Monday, April 22, 2013

My First Time: Rachael Hanel

My First Time is a regular feature in which writers talk about virgin experiences in their writing and publishing careers, ranging from their first rejection to the moment of holding their first published book in their hands.  Today’s guest is Rachael Hanel, the author of We'll Be the Last Ones to Let You Down: Memoir of a Gravedigger's Daughter (University of Minnesota Press).  Memoirist Alison Bechdel calls it “Mesmerizing!” and novelist and memoirist Nicole Helget says the book “gently untucks dying, death, and mourning from the dark recesses of the drawer we Midwesterners, descendants of the stoic and neat, have kept it.”  Hanel’s work has been published in Bellingham Review and New Delta Review, and an essay was selected as a “Notable Essay” in the 2012 Best American Essays.  She lives in Mankato, Minnesota and blogs at We'll Be the Last Ones to Let You DownClick here to visit her website.

The First Chapter I Wrote

My book started in a creative nonfiction classroom at Minnesota State University, Mankato, in 2000.  I was not an MFA student—I was getting my M.A. in history while working as a reporter at the Mankato Free Press.  Even though I was 25 years old, I only had vague notions of what an MFA was.  I was a journalist, after all, not a creative writer.  Heaven forbid that I mix the two.

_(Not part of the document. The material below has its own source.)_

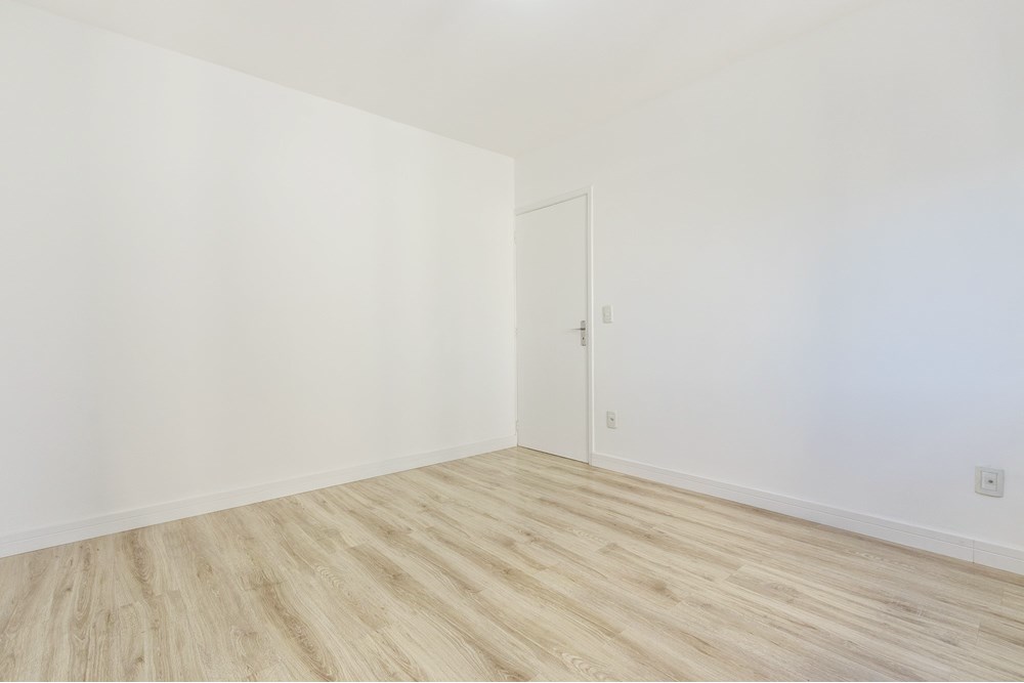 Apartamento à venda com 2 quartos, 75m² - Foto 21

I don’t remember what the assignment was, but I ended up writing about an image from my childhood that continued to grip me.  The image was of a gravestone—no surprise, considering my dad was a gravedigger and I spent long summer days in cemeteries.  This particular gravestone didn’t stand out in terms of size or color.  It was just a foot high or so, nondescript reddish-brown granite that blended in with the gravestones around it.

But on the top was a bronze clasp, a clasp irresistible to my young fingers.  I opened that clasp—a larger version of a locket a mother would wear around her neck—and found a photo.  The photo was of a teenager named Vicki.  She had pink cheeks and red hair.  She looked vibrant and healthy, and I couldn’t imagine someone like her being dead.

In my writing class, I started to think about what it meant for me at age four or five to suddenly understand that death was not reserved for old, sick people—teenagers like Vicki could die, too.  The more I thought about my days in the cemetery with Dad, the more I realized there were many more stories like Vicki’s that influenced me and shaped my perspective on life, death, and loss.  A book was born.

Now, 13 years later, I hold the book in my hand.  I had to work on it in fits and spurts while I focused on other priorities: graduate school, work, my family, running marathons.  But the stories were always there, insistent, nagging at me.  I knew even in 2000 that the entire narrative would emerge at some point; I didn’t know when or how.  I just had to have confidence that it would happen.  Some writers know early in the process when they have a story that’s worth writing, and nothing will keep them away from it when they reach that point.